Recourir aux ordonnances n'est pas correct vis-à-vis du Sénat, même si ce n'est ni la première, ni probablement la dernière fois. Cette proposition de loi est prête. Les ordonnances ne sont pas une baguette magique : il faut demander l'avis du Conseil d'État, présenter le projet de loi d'habilitation en Conseil des ministres, le déposer devant les assemblées avant le débat. Ensuite, les ordonnances sont signées et doivent être ratifiées...

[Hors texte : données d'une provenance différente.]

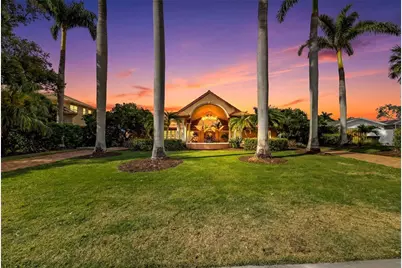 1749 Sandalwood Drive, Sarasota, FL 34231 - Photo 3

Le projet de loi d'habilitation pourrait être examiné la semaine du 9 avril à l'Assemblée. La procédure envisagée est particulièrement surprenante. Nous examinerons le projet de loi d'habilitation, mais au fur et à mesure du débat, des dispositions législatives seraient incluses dans la loi d'habilitation : ces dispositions n'auront donc pas été examinées par le Conseil d'État, nous les découvrirons au fil de l'eau, et elles pourront parfois être déposées directement en séance !

Cela s'inscrit dans une série de manques d'attention et de respect à l'encontre du Sénat, comme lors de l'examen des propositions de loi relative à la mise en oeuvre du transfert des compétences eau et assainissement aux communautés de communes et relative au développement durable des territoires littoraux. Hier, le secrétaire d'État Julien Denormandie estimait que la proposition de loi de Patrick Chaize tendant à sécuriser et à encourager les investissements dans les réseaux de communications électroniques à très haut débit était un texte remarquable, mais qu'il n'était pas débattu au bon moment. Elle a tout de même été adoptée à l'unanimité, et j'en félicite son auteur et son rapporteur...

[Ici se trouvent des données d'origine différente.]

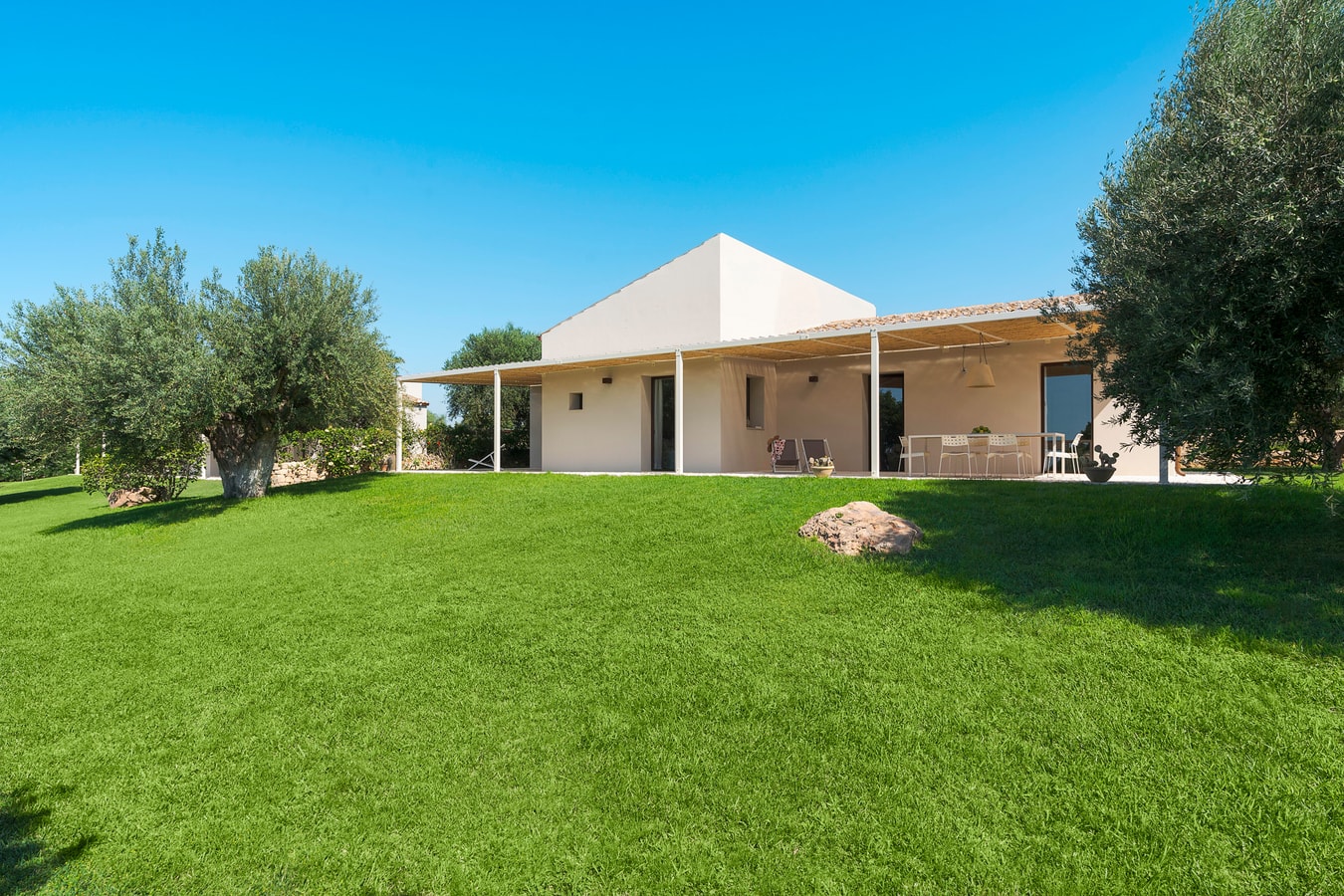 Casa Carol (Bianco) - Villa with shared pool 36 Villas in Italy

Mardi prochain, le président du Sénat proposera à la Conférence des présidents d'inscrire la proposition de loi relative à l'ouverture à la concurrence du transport ferroviaire de voyageurs à l'ordre du jour de la séance à partir du 28 mars, pour qu'elle soit votée avant l'examen du projet de loi d'habilitation à l'Assemblée nationale. Cela prouvera qu'on peut aller plus vite tout en respectant les droits du Parlement.

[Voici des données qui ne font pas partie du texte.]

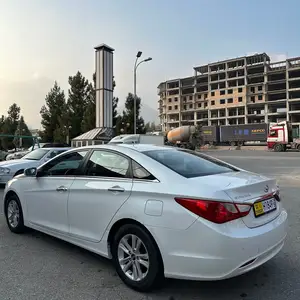 Hyundai Sonata, 2010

Quel que soit votre avis sur le fond du texte, je vous invite à soutenir cette démarche : s'il y a trop d'obstruction et que le texte n'est pas adopté, nous donnerons raison au Gouvernement. Une durée suffisante a été prévue pour un débat démocratique.

Nous avons quelques divergences avec le Gouvernement, d'abord sur l'annonce gouvernementale de report de l'ouverture à la concurrence de 2019 à 2023. Nous prenons aussi davantage en compte les territoires. Le Gouvernement se fonde sur un open access pur, avec une concurrence totalement libre. Les opérateurs risquent alors de se positionner uniquement sur les TGV ou les lignes les plus rentables. Ils se battront sur le Paris-Lyon, et les autres sortiront leur mouchoir pour pleurer...

Notre proposition de loi met en place un système très important de lots : vous pouvez vous positionner sur le Paris-Lyon, mais en même temps vous devez vous positionner sur des lignes moins rentables, afin que l'ouverture à la concurrence ne se traduise pas par un moindre service rendu aux usagers.